==== PROVIDED DATA ====
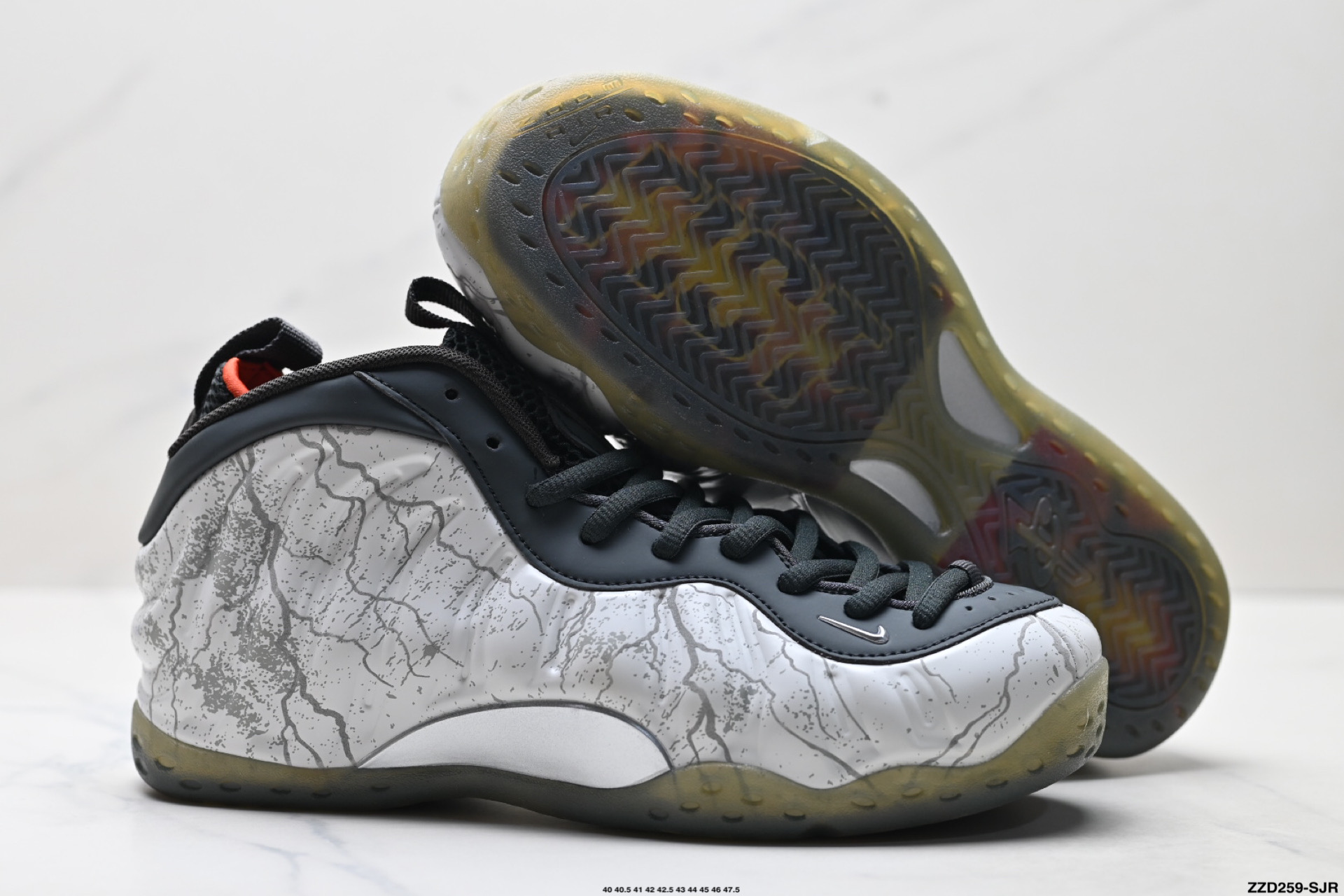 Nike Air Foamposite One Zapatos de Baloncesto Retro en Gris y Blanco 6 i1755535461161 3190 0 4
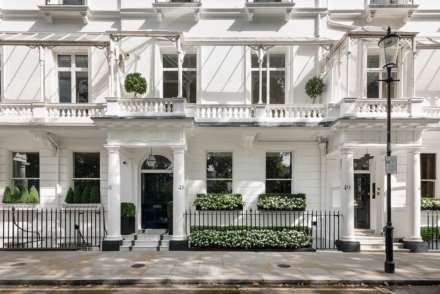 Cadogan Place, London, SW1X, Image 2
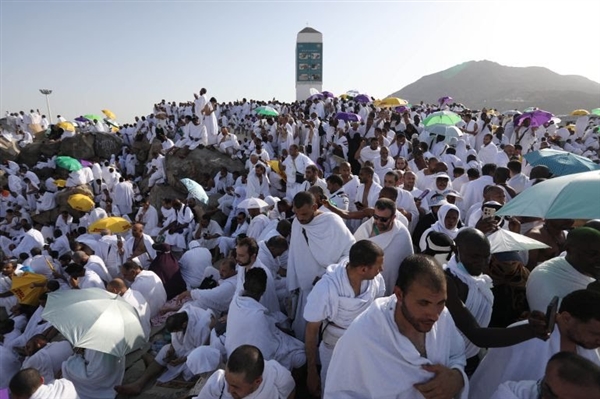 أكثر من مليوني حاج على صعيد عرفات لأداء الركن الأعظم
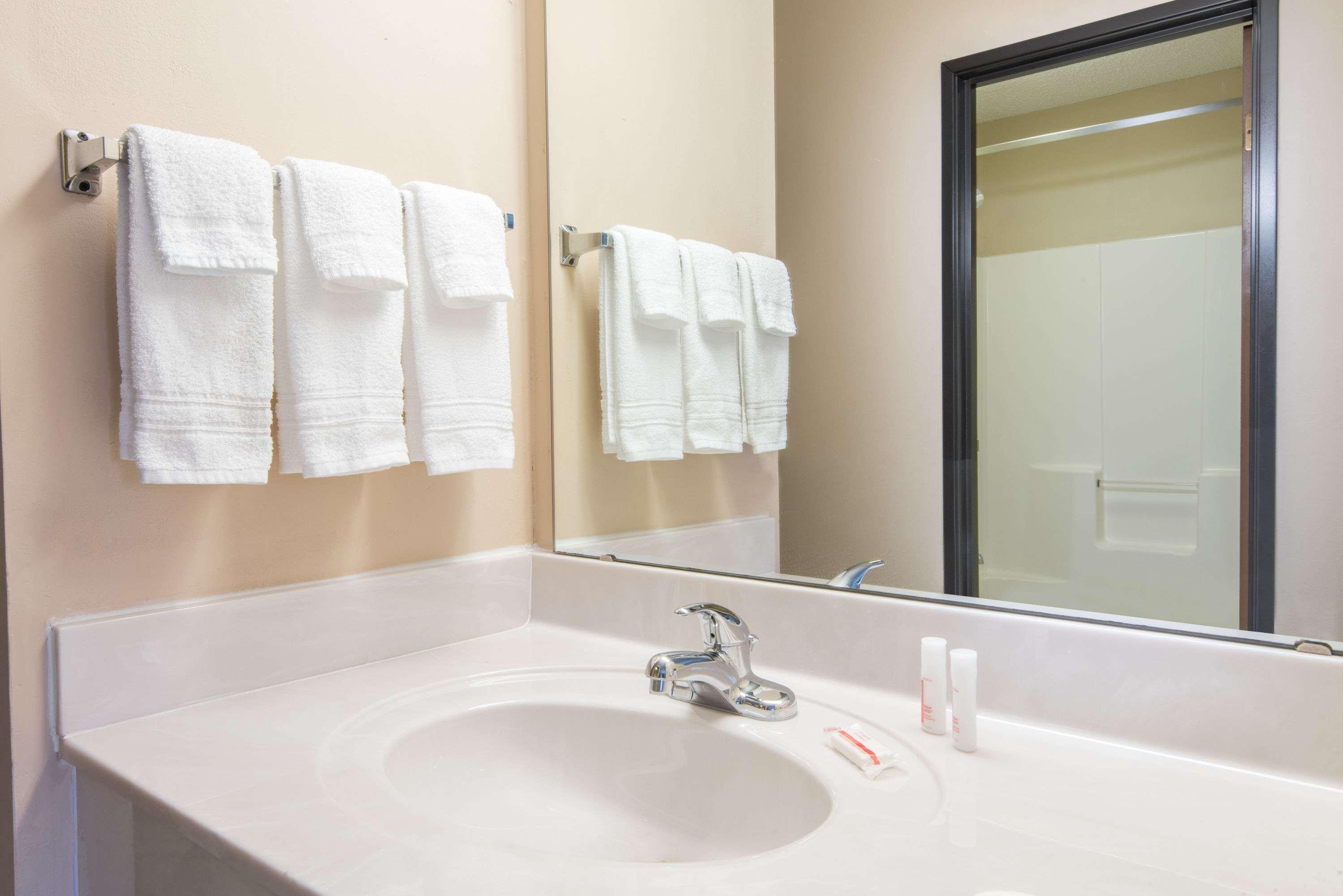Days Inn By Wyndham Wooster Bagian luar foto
====
## [WHAT TO PRODUCE]
Give the listing above again in its entirety, exactly as written and free of images.

## [TASK OUTPUT]
 Nike Air Foamposite One Zapatos de Baloncesto Retro en Gris y Blanco 6 i1755535461161 3190 0 4
 Cadogan Place, London, SW1X, Image 2
 أكثر من مليوني حاج على صعيد عرفات لأداء الركن الأعظم
Days Inn By Wyndham Wooster Bagian luar foto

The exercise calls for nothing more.